While both bands have thrilled audiences with zealous live performances, Wittig knows that antics and aggression alone don’t turn a band into a phenomenon. Those are only signifiers. He believes that making a connection with the audience will take a group further than stage gimmicks or a branded X factor. When you see Janeway or Wittig sweating it out through their music, you can believe they mean it.
“If a band is just going to play their music for an audience and not perform the hell out of it and try to connect with them, then you might as well just plug someone’s iPod into the venue’s PA and everyone can just sit and listen to it together.”
The Burning Peppermints have blazed a trail through up-close-and-personal venues, from breweries to alleyways, and their show has often boiled over from the stage into the crowd. Wittig and company may careen into the audience, wrap up dancers in their guitar cables, or blast the room with confetti. They make each show interactive, a musical ambush.
As they appear in larger venues, however, the Peppermints have sought new ways to get the lead out. “Suddenly you’re not on a floor having to make sure you don’t hit people with your guitar,” says Wittig, “and when you’re in that environment you have to find a new, more emotional than physical, way to add some danger and excitement to everything, which we’re very excited to do at Saturn this time.”
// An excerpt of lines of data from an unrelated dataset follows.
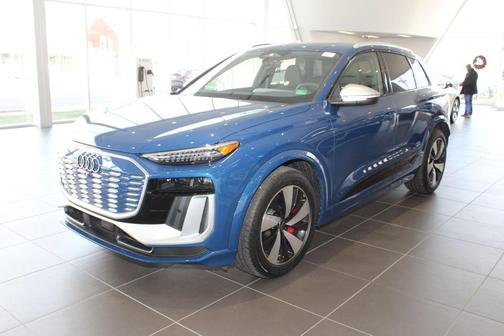 2025 Audi SQ6 e-tron Premium Plus quattro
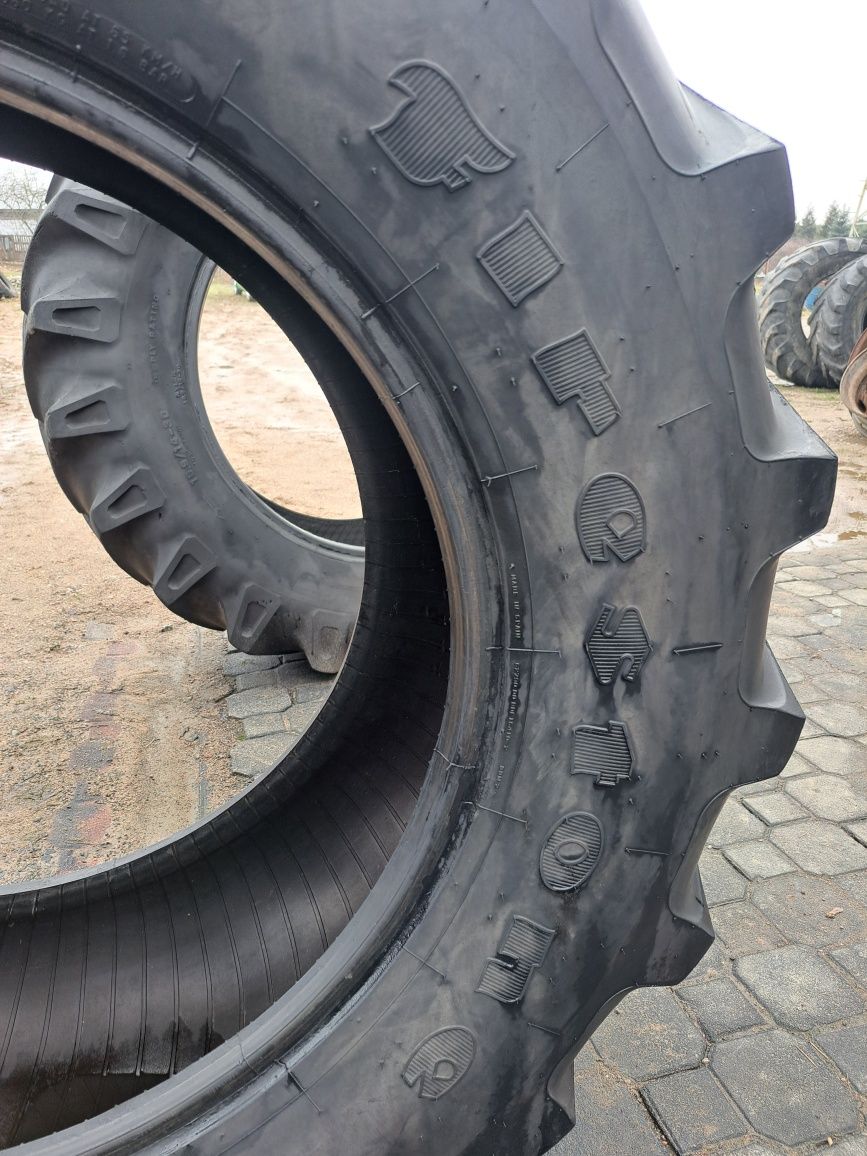 Opona 420/70R28 ( 14.9 R28 ) Firestone Performer 70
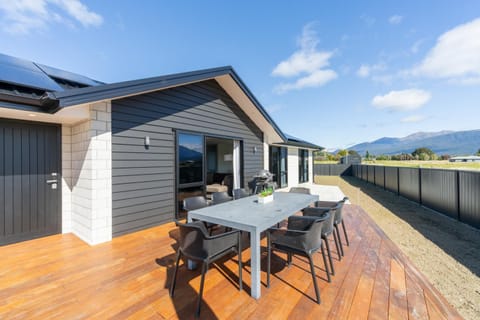 Oraka Scenery - Te Anau Holiday Home House in Te Anau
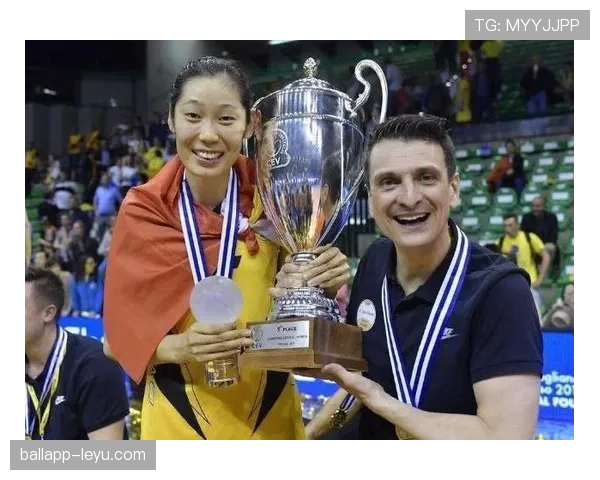 布鲁诺与梅努共同参与慈善活动，备受关注的强强联手提升社会形象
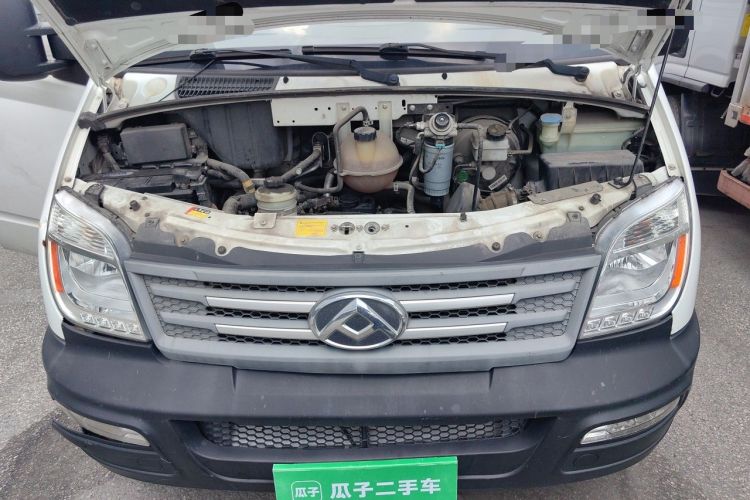 Used SAIC MAXUS Xintu V80 2019 2.5T Classic Model 6-Speed Manual Aotong Long Wheelbase Mid-Height 7-Seater Engine Bay
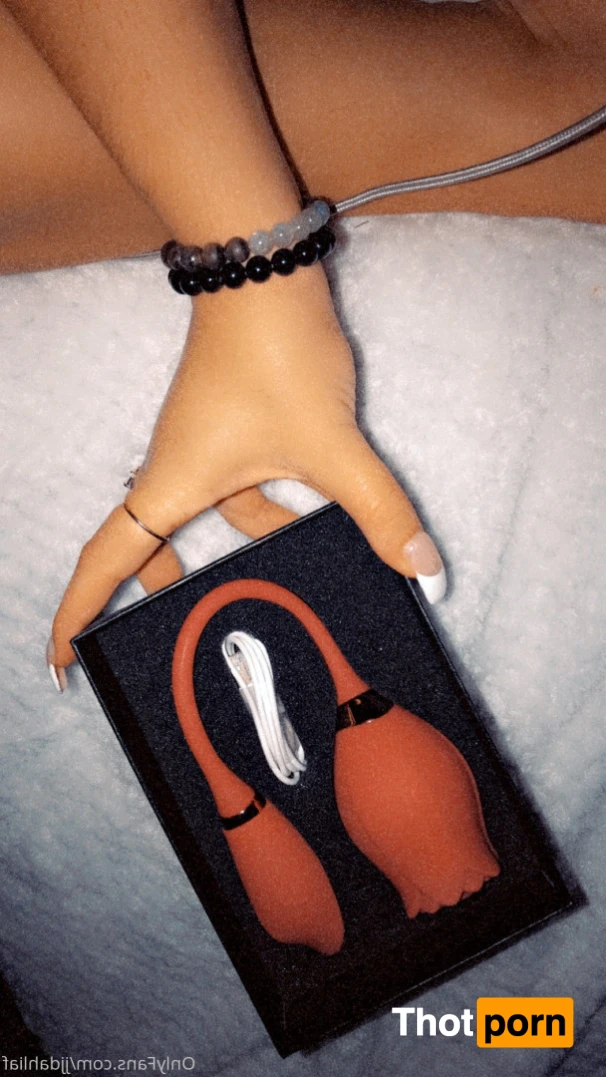 Jasmine Flick 15189347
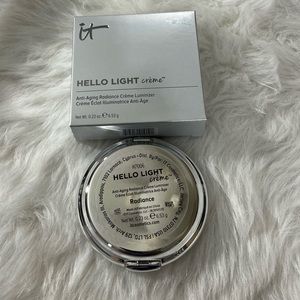 It Hello Light Crème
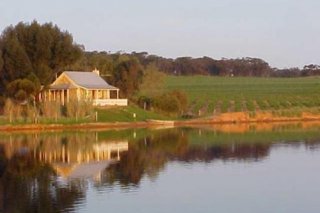 Stonewell Cottages and Vineyards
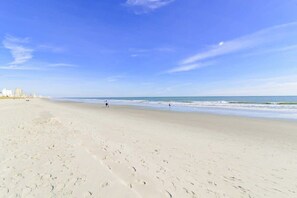 On the beach - Oceanfront Dream w Huge Balcony 3 Baths and Pool (North Myrtle Beach)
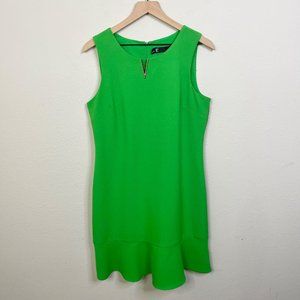 LF Leslie Fav Women's Green Sleeveless Sheath Flare Hem Dress Size 8 Gold V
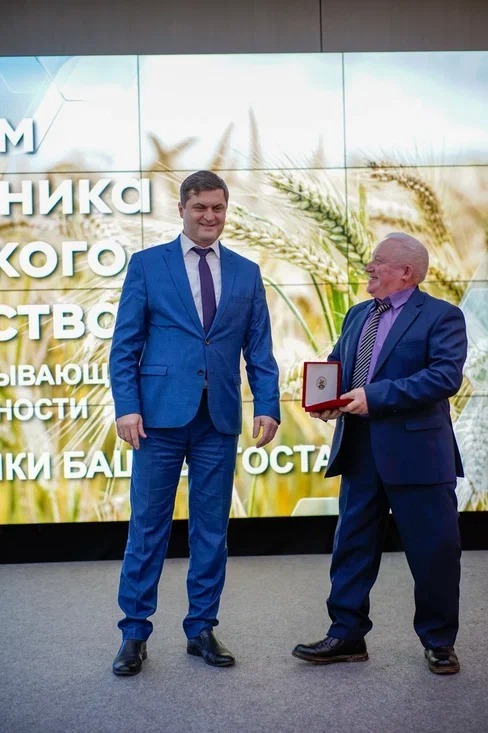 Хезмәтләренә күрә – олы  хөрмәт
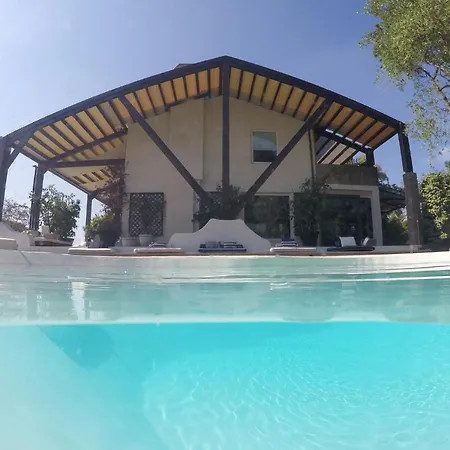Vallugola 8, Emma Villas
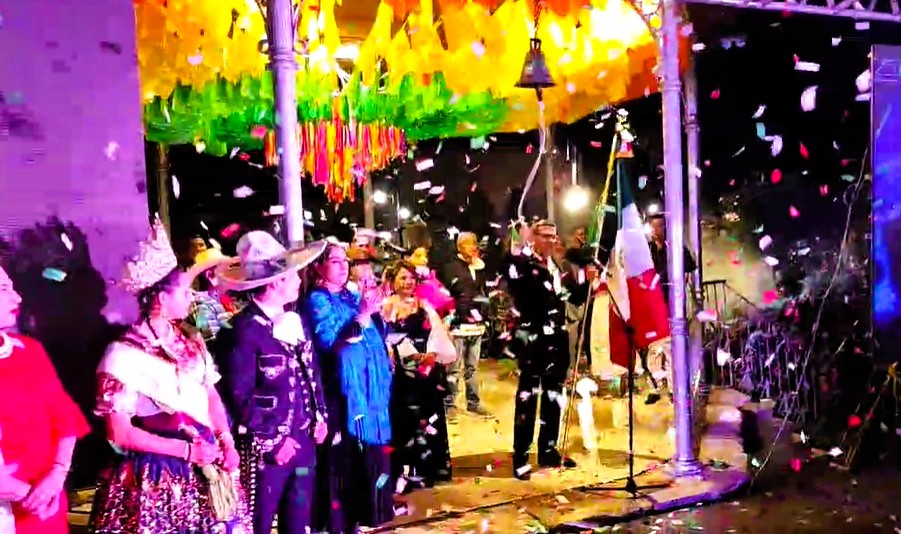 a 65 - Entre banderas, lluvia de papeles tricolores y fuego patrio, San José de Iturbide vibró con el Grito de Independencia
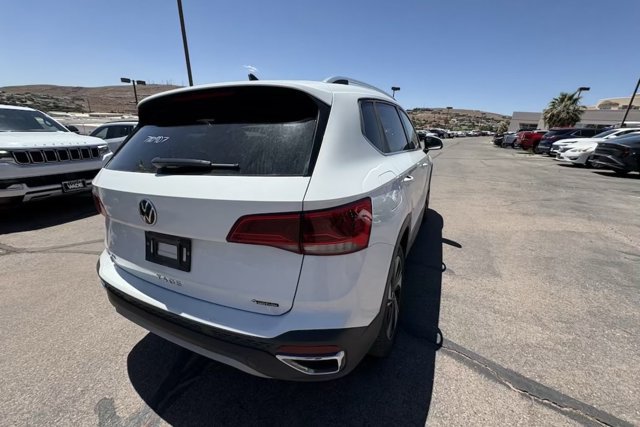 Used 2024 Volkswagen Taos SE AWD/4WD image 5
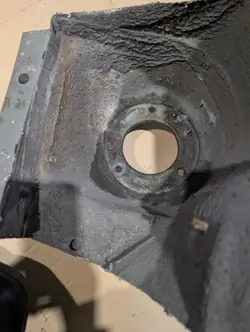 Etuoikea jousituskiinnike OEM prawy Opel Vectra C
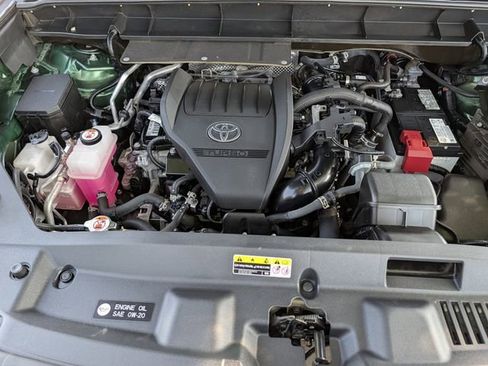 Used 2023 Toyota Highlander XLE AWD/4WD image 39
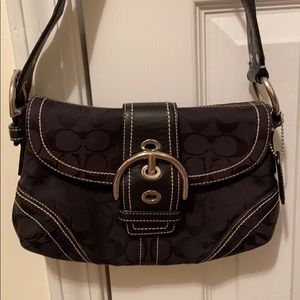 Coach signature C purse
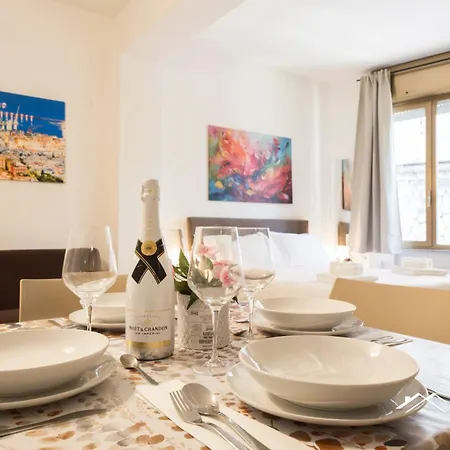 Center Lux, 1br, Ac, Wifi, By Tilo 3* Genova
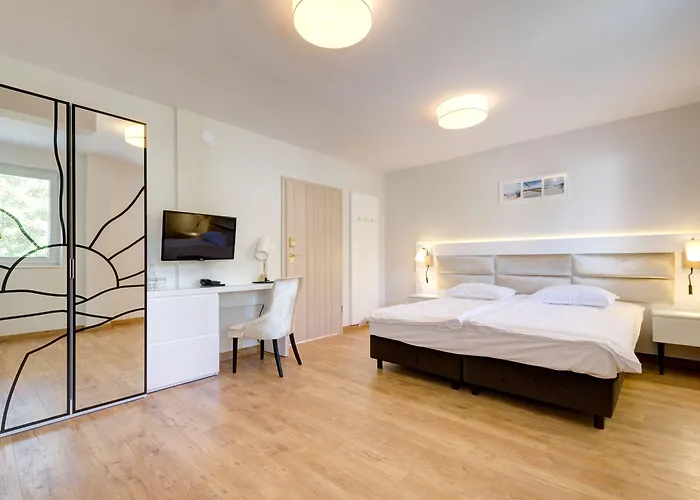 リゾート The Sun By Lubicz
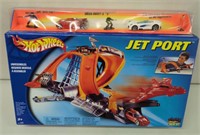 Hotwheels Jet Port Play Set NIB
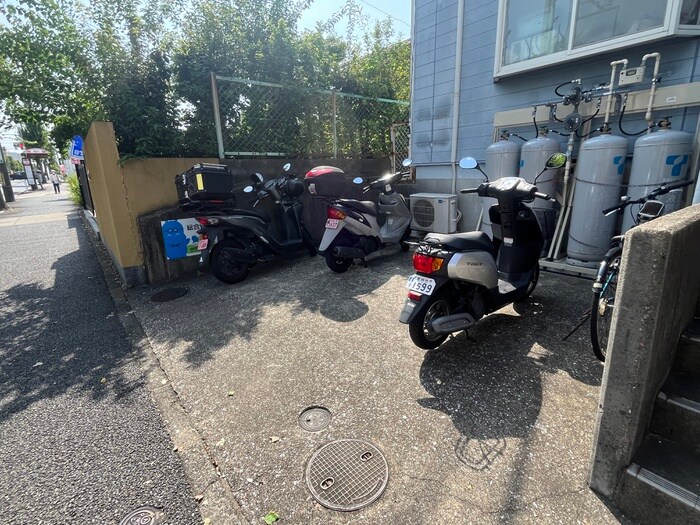 物件外観写真4　(駐輪場)
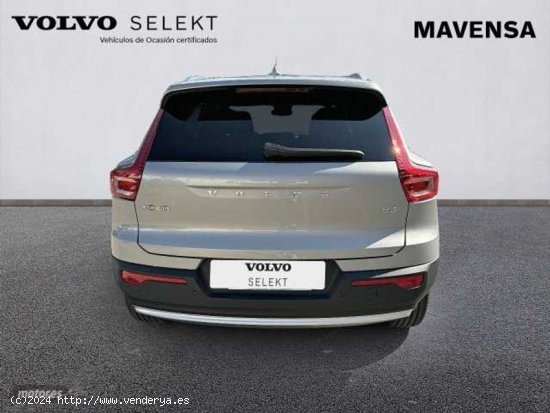 Volvo XC40 XC40 Core, B3 mild hybrid, Gasolina de 2023 con 9 Km por 37.900 EUR. en Badajoz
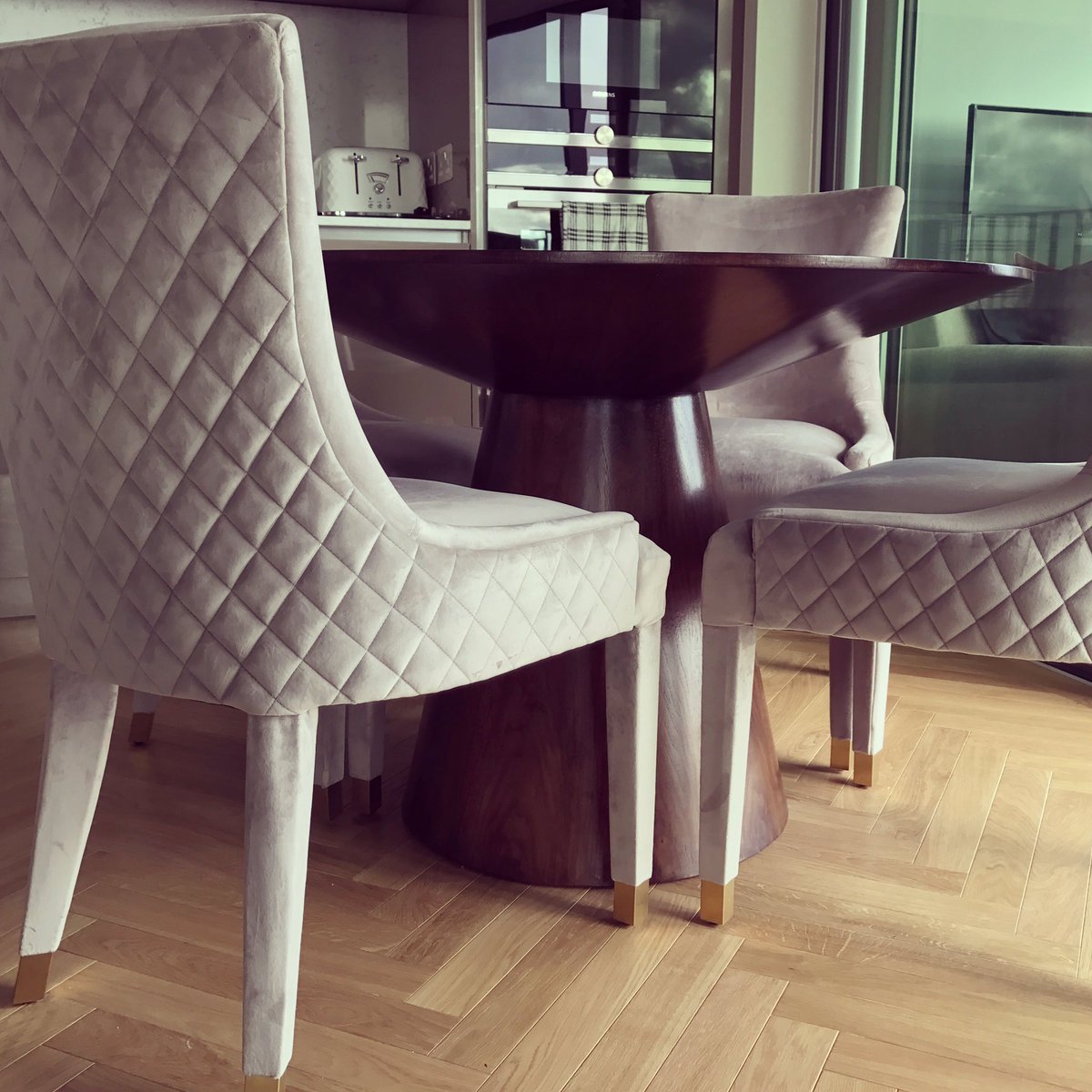 Dining chairs details #interiordesign #bespokefinish #luxuryhomes #luxuryliving #diningchairs #velvet #allurehouseinteriors instagram.com/p/BmI60fOnfLX/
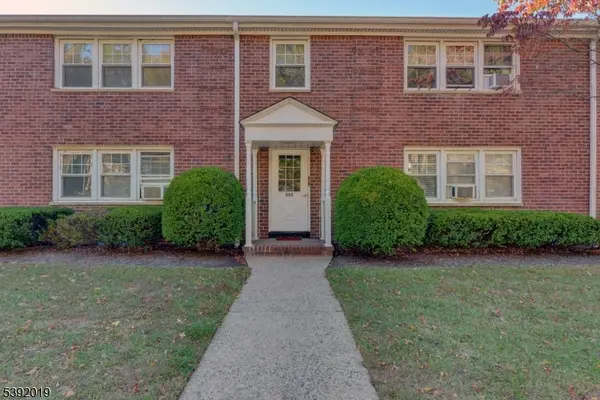 255 Bogert Road #2A, River Edge Boro, NJ 07661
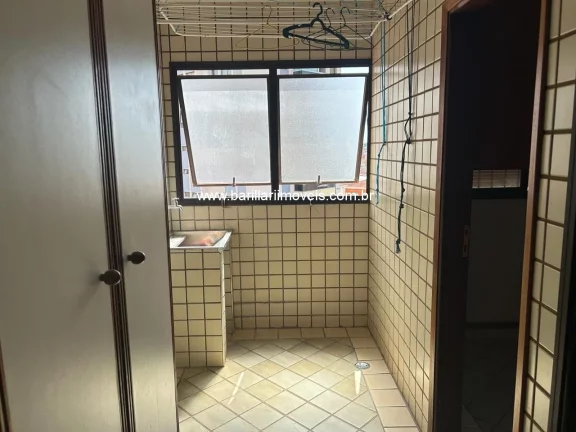 Imagem Apartamento de luxo à venda no coração de Ribeirão Preto-SP, 3 quartos, 1 suíte, 2 salas, 4 banheiros, 2 vagas de garagem.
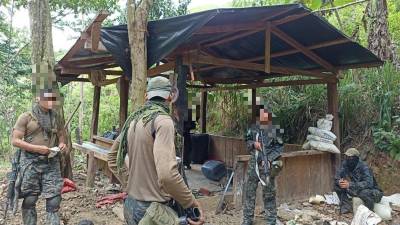 Militares resguardan uno de los narcolaboratorios encontrados en Iriona.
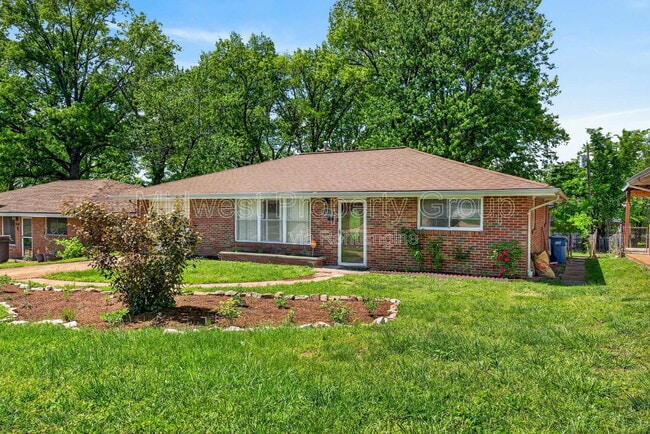 Photo - 2047 Goodale Ave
Both the Peppermints and St. Paul are alumni of Birmingham’s Secret Stages music festival. For one weekend each year, Secret Stages turns downtown’s loft district into a large-scale music crawl, introducing music lovers to the latest bands on the very edge of breaking out.
The festival has been an invaluable resource for these burgeoning acts, exposing them to a wider audience than traditional gigging allows. “One problem with the overwhelming amount of great bands in Birmingham is that they exist in different sub-scenes in Birmingham, and if you don’t usually go to a certain venue, or you’re constantly going to a certain band’s shows, there are a lot of acts that you miss out on,” says Wittig. “Secret Stages is great because it’s the one time of year when everyone is on the same page and those lines of the ‘sub-scenes’ of Birmingham are gone.”
Events like Secret Stages can offer a tipping point for ambitious acts, but you have to start somewhere. If a band is in its early stages, that means playing on many stages: bar stages, farmers market stages, and taproom stages. “Playing out as much as possible when we were starting out was such an essential part of The Burning Peppermints’ doing well, I think,” says Wittig. “Going out to shows is on the short list of things to do in Birmingham.”
Since embarking on those early gigs, Wittig has watched the local scene grow to accommodate aspiring musicians. “I think that the overall positive tone in the music scene in Birmingham has made it easier for established artists to work together,” he says. “So many breweries and restaurants are doubling as music venues now because if they’re not having shows, people are gonna go where there are shows!”
As the interest in local music continues to escalate, even non-traditional venues are seeking to offer live entertainment. It’s a rising tide lifting all ships. “It’s great to see that live, original music is becoming more commonplace in the Magic City,” he says, “because for a long time even acoustic cover bands were given the cold shoulder for being too loud to have a conversation over.” Attitudes have changed for the better, and it’s hard to deny that Birmingham has become a vibrant music city.
What’s next for the Peppermints? They’re in the process of writing and recording their next album, Witch Mountain. They’re also working with Marcus Turner and Dez Wilson for a video to accompany their crowd-pleasing barn-burner, “Ned Schneeblee.”